The European Commission is testing Matrix-based open source messaging to cut reliance on US software and build a sovereign, secure communications backbone across EU institutions.
The European Commission has begun trialling a European open-source communications system for internal use, marking a live institutional shift towards sovereign digital infrastructure and reduced reliance on US software.
Confirmed to Euractiv by a Commission spokesperson, the initiative centres on the Matrix protocol, an open-source, community-developed messaging standard run by a London-headquartered non-profit. The technology is being evaluated as the foundation for secure, interoperable communications across the Commission.
The move reflects growing concerns within European administrations about heavy dependency on American enterprise platforms and increasingly unreliable transatlantic relations, prompting efforts to adopt sovereign alternatives.
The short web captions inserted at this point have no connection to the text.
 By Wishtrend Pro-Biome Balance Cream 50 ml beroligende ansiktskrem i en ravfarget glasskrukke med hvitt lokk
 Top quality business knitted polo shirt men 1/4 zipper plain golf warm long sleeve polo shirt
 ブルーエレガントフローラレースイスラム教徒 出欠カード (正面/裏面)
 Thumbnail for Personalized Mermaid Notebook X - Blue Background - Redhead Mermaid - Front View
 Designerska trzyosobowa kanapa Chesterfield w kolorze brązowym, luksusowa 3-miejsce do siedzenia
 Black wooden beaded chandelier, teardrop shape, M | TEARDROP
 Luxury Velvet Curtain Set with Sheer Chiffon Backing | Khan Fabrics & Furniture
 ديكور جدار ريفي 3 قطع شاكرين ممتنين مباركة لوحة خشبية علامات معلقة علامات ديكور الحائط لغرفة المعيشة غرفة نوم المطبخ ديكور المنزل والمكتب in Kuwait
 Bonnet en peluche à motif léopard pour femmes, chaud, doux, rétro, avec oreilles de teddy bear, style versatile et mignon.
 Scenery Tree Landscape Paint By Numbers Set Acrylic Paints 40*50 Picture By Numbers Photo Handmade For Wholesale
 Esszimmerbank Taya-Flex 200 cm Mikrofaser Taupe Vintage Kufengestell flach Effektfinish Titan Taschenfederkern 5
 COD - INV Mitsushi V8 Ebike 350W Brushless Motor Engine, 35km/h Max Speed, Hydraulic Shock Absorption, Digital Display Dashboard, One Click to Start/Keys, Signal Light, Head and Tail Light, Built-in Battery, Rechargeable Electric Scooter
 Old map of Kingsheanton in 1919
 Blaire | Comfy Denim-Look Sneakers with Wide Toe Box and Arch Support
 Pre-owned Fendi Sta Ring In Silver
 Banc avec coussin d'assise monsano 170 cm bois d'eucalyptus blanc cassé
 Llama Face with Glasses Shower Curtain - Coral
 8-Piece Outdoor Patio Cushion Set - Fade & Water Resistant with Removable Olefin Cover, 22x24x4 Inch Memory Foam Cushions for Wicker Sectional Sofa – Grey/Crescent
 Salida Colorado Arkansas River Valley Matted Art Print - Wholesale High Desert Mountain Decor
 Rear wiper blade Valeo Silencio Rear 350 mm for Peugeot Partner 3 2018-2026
“As part of our efforts to use more sovereign digital solutions, the European Commission is preparing an internal communication solution based on the Matrix protocol,” the spokesperson said.
Matrix will initially act as a “complement and backup solution” rather than replace Microsoft Teams, which remains the Commission’s primary collaboration platform. Signal currently serves as a fallback tool, but officials consider it insufficiently flexible and not scalable for an organisation of the Commission’s size.
Matrix’s credibility is strengthened by existing deployments across Europe, including tools used by the French government, German healthcare providers and European armed forces.
Beyond internal messaging, the Commission is exploring the protocol as a common, secure layer to connect other EU institutions. A working link with the European Parliament is already in place, pointing to the potential for a unified, inter-institution communications stack built on open standards.